Onesimus
hidup pada abad pertama. Ia adalah seorang hamba yang merampok
majikannya lalu melarikan diri ke Roma. Di Roma ia bertemu dengan St.
Paulus yang dipenjarakan karena imannya. Paulus menerima Onesimus dengan
kelembutan serta kasih sayang seorang ayah. Paulus membantu menyadarkan
pemuda tersebut bahwa ia telah berbuat salah dengan mencuri. Lebih dari
itu, ia membimbing Onesimus untuk percaya dan menerima iman Kristiani.
Setelah
Onesimus menjadi seorang Kristen, Paulus mengirimkannya kembali kepada
tuannya, Filemon, yang adalah sahabat Paulus. Tetapi, Paulus tidak
mengirim hamba itu kembali seorang diri dan tak berdaya. Ia
“mempersenjatai” Onesimus dengan sepucuk surat yang singkat tapi tegas.

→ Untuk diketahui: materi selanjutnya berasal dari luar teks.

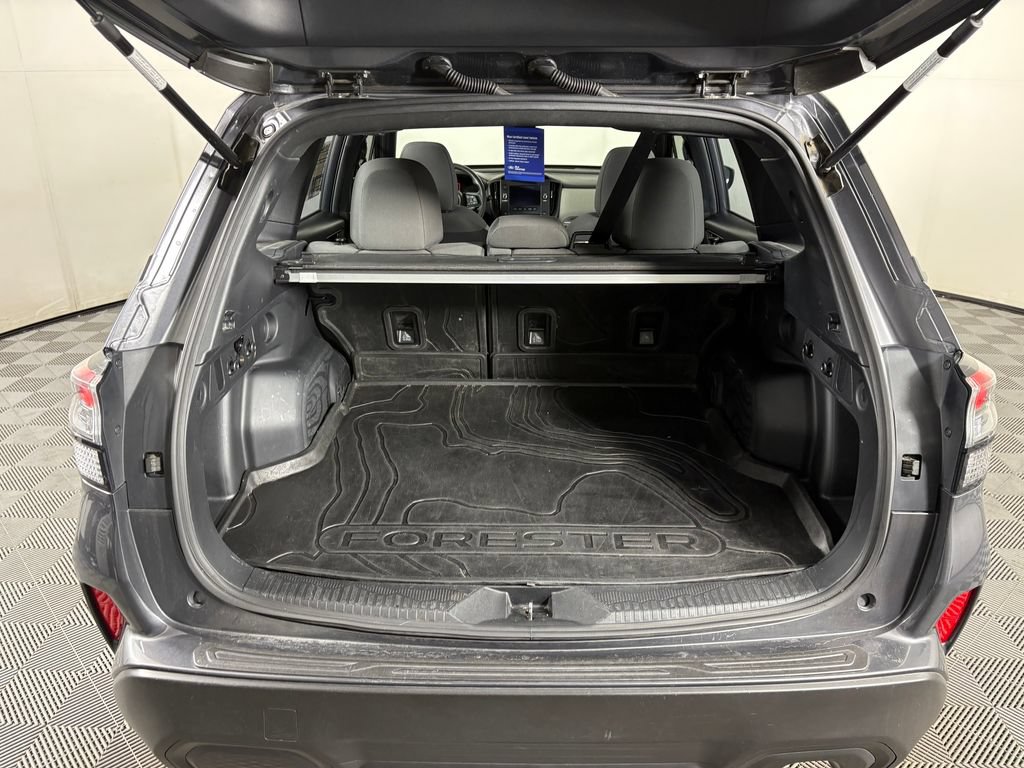 Used 2025 Subaru Forester AWD/4WD image 26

Paulus berharap agar suratnya dapat menyelesaikan semua masalah
Onesimus, sahabat barunya. Kepada Filemon, Paulus menulis: “Aku
mengajukan permintaan kepadamu mengenai anakku yang kudapat selagi aku
dalam penjara, yakni Onesimus. Dia kusuruh kembali kepadamu. Dia, yaitu
buah hatiku.”
Surat
yang menyentuh tersebut dapat ditemukan dalam Kitab Suci Perjanjian
Baru. Filemon menerima surat dan nasehat Paulus. Ketika Onesimus kembali
kepada tuannya, ia dibebaskan. Kemudian, Onesimus kembali kepada St.
Paulus dan menjadi penolongnya yang setia.
St.
Paulus mengangkat Onesimus menjadi imam dan kemudian uskup. Orang kudus
yang dulunya hamba ini membaktikan seluruh sisa hidupnya untuk
mewartakan Kabar Gembira yang telah mengubah hidupnya selamanya. Menurut
tradisi, pada masa penganiayaan, Onesimus dibelenggu dan dibawa ke Roma
lalu dirajam hingga tewas.
Bagian manakah dalam hidupku yang membutuhkan kesembuhan dengan pengampunan dan penerimaan?